- The Washington Times - Monday, July 8, 2019

D.C. Council Chairman Phil Mendelson on Monday said that the general counsel will choose by the end of the week a law firm to investigate council member Jack Evans for possible violations of the code of conduct.

Meanwhile, the council is set to vote Tuesday on whether to remove Mr. Evans as chairman of the Finance and Revenue Committee. Mr. Mendelson said city lawmakers also will determine how the committee’s responsibilities will be delegated and learn more about the scope of the investigation.

“I, in no way, feel bound by the limitations Mr. Evans put on himself when he spoke to council last week,” Mr. Mendelson, at-large Democrat, said during a press conference.

Mr. Evans, Ward 2 Democrat, has been the focus of scrutiny and criticism for several months over accusations that he leveraged his position as the city’s longest-serving lawmaker and as the chairman of the Metro Board of Directors drum up new clients for his consulting firm and benefit current clients.
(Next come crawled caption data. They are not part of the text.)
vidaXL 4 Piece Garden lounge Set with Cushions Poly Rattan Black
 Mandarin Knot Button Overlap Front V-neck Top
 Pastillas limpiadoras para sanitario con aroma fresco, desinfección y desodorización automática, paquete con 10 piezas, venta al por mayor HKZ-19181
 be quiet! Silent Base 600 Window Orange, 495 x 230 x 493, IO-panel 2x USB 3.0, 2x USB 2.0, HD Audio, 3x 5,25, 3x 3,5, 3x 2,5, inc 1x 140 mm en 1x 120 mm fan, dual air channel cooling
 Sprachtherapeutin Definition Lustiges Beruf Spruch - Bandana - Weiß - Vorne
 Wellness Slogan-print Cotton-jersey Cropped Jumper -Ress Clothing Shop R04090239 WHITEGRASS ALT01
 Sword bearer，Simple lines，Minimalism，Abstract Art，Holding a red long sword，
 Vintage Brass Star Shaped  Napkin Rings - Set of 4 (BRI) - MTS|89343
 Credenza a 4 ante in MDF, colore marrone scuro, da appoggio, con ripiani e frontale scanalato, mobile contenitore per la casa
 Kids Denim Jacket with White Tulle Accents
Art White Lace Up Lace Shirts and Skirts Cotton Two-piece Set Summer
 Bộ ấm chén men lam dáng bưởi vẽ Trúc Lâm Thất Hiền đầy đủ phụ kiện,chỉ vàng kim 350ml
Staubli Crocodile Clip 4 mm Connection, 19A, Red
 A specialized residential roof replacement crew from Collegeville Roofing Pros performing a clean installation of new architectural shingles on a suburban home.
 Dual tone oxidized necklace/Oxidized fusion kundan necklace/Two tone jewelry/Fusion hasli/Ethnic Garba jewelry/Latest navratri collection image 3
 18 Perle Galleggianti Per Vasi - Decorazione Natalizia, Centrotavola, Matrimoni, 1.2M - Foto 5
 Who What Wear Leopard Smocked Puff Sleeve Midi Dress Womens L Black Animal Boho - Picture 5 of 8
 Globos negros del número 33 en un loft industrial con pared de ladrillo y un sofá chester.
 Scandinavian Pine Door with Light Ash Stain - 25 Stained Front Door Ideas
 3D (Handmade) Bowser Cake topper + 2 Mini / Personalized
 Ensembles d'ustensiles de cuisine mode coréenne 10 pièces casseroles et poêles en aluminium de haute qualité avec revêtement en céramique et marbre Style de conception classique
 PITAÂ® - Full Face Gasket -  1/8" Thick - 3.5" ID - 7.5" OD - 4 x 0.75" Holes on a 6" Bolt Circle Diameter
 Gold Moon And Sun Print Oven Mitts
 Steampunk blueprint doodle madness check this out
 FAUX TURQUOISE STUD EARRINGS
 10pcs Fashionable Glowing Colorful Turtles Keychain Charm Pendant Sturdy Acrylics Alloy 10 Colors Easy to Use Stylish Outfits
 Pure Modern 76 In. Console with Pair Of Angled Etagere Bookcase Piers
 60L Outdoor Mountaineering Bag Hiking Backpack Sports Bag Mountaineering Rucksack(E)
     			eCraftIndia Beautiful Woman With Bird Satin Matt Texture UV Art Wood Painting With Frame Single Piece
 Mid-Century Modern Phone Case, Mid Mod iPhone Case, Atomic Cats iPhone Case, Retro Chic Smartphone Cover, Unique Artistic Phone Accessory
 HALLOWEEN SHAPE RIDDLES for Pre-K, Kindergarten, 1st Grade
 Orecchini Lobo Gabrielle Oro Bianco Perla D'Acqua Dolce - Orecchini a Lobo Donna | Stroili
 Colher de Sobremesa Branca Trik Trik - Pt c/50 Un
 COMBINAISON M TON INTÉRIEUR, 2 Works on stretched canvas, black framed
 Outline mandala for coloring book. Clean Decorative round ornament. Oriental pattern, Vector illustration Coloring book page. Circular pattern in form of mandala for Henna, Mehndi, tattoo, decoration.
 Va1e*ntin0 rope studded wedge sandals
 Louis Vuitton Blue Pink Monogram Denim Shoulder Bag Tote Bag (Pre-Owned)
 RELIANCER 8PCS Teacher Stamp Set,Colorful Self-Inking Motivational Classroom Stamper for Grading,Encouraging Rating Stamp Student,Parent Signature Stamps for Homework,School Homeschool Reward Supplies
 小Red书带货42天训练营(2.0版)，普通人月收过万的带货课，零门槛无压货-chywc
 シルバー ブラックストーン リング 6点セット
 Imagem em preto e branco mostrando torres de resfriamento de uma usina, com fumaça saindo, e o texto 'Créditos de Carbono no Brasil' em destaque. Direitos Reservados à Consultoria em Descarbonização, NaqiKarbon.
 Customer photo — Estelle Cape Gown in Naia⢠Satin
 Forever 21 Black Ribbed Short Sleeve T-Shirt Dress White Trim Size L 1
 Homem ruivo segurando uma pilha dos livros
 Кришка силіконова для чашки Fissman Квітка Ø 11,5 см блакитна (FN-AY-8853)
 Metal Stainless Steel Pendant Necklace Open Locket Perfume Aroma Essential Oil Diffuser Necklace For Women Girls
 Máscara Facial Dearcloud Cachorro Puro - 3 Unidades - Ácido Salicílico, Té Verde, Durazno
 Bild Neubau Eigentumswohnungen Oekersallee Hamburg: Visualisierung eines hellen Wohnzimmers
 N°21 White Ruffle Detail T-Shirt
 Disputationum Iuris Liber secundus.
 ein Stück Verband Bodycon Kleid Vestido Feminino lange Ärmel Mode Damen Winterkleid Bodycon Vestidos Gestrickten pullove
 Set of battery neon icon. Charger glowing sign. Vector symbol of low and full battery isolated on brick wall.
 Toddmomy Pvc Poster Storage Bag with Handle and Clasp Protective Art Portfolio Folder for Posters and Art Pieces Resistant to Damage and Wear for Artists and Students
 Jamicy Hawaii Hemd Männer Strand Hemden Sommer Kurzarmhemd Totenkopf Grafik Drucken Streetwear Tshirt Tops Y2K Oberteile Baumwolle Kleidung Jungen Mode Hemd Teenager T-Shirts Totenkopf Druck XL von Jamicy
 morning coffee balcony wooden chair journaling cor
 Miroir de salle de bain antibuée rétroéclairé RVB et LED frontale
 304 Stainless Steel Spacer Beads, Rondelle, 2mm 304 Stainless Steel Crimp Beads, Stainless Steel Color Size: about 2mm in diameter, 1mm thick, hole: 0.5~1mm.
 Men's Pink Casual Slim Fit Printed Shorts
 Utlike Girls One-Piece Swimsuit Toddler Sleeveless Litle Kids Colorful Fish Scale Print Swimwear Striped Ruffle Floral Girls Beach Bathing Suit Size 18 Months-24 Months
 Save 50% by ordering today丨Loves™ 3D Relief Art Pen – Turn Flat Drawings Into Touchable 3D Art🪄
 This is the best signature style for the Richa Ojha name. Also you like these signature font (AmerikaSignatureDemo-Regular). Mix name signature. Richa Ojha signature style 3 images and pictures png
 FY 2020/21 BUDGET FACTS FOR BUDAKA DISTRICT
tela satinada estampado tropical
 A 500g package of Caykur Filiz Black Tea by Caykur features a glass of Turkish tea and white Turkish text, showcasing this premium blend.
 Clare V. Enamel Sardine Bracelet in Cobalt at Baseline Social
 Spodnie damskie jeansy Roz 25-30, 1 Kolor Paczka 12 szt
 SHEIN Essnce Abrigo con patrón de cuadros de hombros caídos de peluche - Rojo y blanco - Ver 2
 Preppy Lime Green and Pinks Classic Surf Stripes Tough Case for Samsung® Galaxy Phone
Last week, Mr. Evans shared with fellow lawmakers his side of the scandal and asked them to wait for the investigation before they revoke his chairmanship. But he only answered questions about the Metro ethics investigation of his activities, leaving several council members frustrated and doubtful of his integrity.



Mr. Mendelson said that after the law firm has begun its investigation, lawmakers will appoint an ad hoc committee to review its findings and make recommendations to the full council. The council chairman said that appointing the law firm before creating the committee will allow the investigation to get underway more quickly.

The law firm will be able to uncover new information better than an ad hoc committee because its privilege power will allow it to collect more documents, Mr. Mendelson said Monday.

The council will fill the D.C. vacancy on the Metro Board, created by Mr. Evans‘ resignation, when lawmakers return from their summer recess in September, Mr. Mendelson said.

In the meantime, the District will be represented by one of its alternate members on the Metro Board — Tom Bulger, president of the Government Relations Inc. lobbying firm.

Council member Elissa Silverman, at-large independent, introduced emergency legislation to remove Corbett Price as a D.C. representative on the Metro Board.

“Members of the public must be able to rely on the veracity of statements made by public officials, especially when those statements are related to public investigations,” Ms. Silverman’s resolution states.

Mr. Price, chairman and CEO of the financial advisory firm Quantix Health Capital, asserted that Metro’s ethics committee had cleared Mr. Evans of all violations. The ethics panel, on which Mr. Price served, actually found that Mr. Evans had failed to disclose his business relationship with Colonial Parking, which had paid his consulting firm $50,000 a year.

Mr. Evans previously denied the ethics violation because he believed he had “cured the violation” when he refiled his disclosure form, and Mr. Price reiterated that version of events.

Mr. Mendelson said he does not support the Silverman resolution because it does not include a plan of succession, among other reasons.